*Task goal*
Using the records below, quote only the span that opens with the line containing "view of yard with a garage" and closes with the line containing "The Beauty Of", exactly and inclusively.

*Extracted information*
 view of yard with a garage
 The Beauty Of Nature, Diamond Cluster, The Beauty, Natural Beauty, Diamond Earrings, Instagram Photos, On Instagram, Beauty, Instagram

...

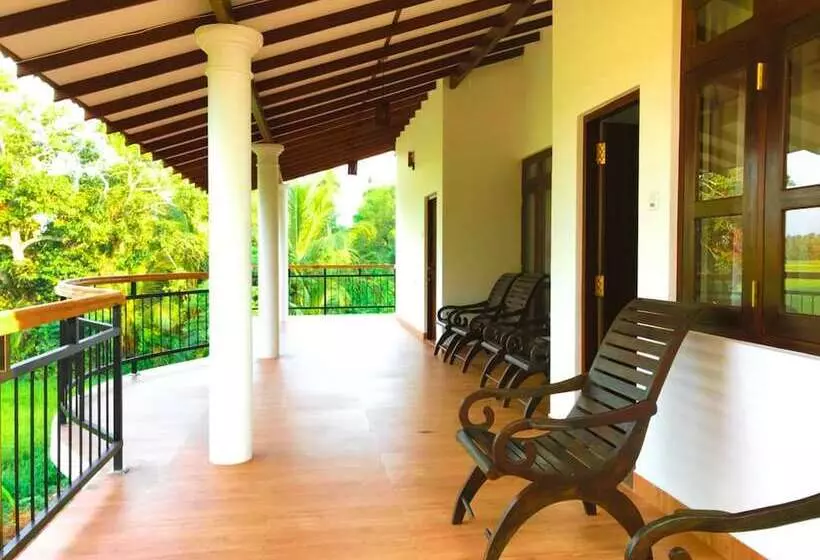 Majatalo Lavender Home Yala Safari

==

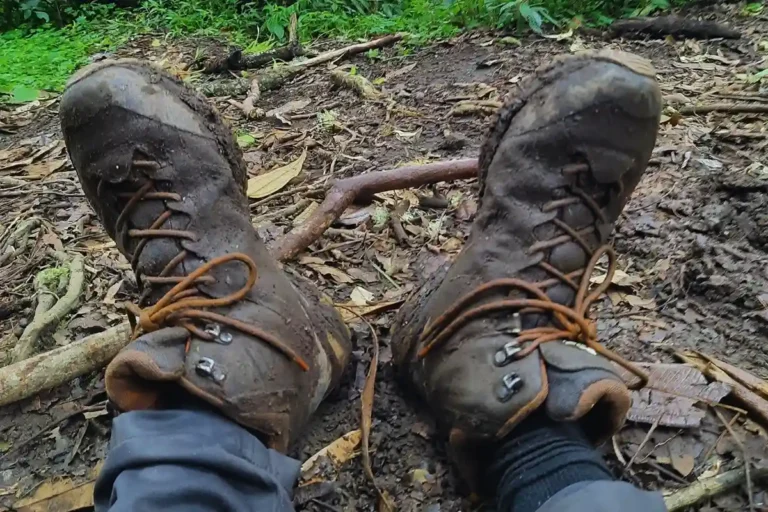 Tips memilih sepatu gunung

*Task response*
 view of yard with a garage
 The Beauty Of Nature, Diamond Cluster, The Beauty, Natural Beauty, Diamond Earrings, Instagram Photos, On Instagram, Beauty, Instagram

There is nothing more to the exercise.